= Your task =
Could you find each line of the data below that contains the word "leather" and copy those lines?

Web page caption snippets
*-*-*
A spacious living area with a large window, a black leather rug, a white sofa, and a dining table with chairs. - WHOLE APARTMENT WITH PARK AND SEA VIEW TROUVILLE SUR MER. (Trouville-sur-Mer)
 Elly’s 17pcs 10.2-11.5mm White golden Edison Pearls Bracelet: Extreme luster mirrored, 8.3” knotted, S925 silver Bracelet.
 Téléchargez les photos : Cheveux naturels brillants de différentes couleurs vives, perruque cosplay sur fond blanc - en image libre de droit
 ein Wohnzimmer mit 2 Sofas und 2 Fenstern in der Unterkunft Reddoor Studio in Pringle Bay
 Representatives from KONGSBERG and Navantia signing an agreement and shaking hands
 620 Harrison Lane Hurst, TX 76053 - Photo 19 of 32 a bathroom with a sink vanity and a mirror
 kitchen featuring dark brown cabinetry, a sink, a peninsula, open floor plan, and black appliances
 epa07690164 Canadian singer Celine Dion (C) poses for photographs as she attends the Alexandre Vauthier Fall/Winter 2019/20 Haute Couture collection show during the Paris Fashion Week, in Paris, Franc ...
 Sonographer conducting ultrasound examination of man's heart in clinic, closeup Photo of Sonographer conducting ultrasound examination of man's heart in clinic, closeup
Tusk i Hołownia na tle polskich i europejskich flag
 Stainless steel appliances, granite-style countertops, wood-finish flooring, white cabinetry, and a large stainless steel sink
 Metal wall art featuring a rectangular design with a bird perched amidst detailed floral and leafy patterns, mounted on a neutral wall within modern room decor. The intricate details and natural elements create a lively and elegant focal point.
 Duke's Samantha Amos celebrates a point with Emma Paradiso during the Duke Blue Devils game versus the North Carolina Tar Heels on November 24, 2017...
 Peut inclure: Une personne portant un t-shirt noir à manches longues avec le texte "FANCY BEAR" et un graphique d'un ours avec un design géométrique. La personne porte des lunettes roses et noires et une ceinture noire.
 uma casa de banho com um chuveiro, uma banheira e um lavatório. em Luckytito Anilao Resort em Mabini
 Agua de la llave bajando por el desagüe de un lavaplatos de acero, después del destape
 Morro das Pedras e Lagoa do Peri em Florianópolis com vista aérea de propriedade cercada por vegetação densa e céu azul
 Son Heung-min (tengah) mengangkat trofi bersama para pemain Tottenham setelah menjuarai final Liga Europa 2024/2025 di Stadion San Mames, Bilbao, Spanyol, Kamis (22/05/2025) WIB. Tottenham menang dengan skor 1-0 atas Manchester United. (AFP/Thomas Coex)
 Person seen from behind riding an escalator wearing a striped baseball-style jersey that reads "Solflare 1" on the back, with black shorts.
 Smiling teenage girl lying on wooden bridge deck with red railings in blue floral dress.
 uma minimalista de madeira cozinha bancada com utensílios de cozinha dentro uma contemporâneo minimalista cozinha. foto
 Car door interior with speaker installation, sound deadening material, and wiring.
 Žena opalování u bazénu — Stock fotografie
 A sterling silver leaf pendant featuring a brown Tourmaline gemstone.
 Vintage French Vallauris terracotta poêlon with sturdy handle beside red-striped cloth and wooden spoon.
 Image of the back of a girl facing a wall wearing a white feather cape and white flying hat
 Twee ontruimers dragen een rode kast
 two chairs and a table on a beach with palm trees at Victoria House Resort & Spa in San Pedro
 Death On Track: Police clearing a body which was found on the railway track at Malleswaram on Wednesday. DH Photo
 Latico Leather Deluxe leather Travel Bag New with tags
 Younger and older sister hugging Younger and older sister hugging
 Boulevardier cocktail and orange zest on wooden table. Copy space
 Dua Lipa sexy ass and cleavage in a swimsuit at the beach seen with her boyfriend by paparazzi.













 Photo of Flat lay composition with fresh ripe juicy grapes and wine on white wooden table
*-*-*
= Task result =
A spacious living area with a large window, a black leather rug, a white sofa, and a dining table with chairs. - WHOLE APARTMENT WITH PARK AND SEA VIEW TROUVILLE SUR MER. (Trouville-sur-Mer)
 Latico Leather Deluxe leather Travel Bag New with tags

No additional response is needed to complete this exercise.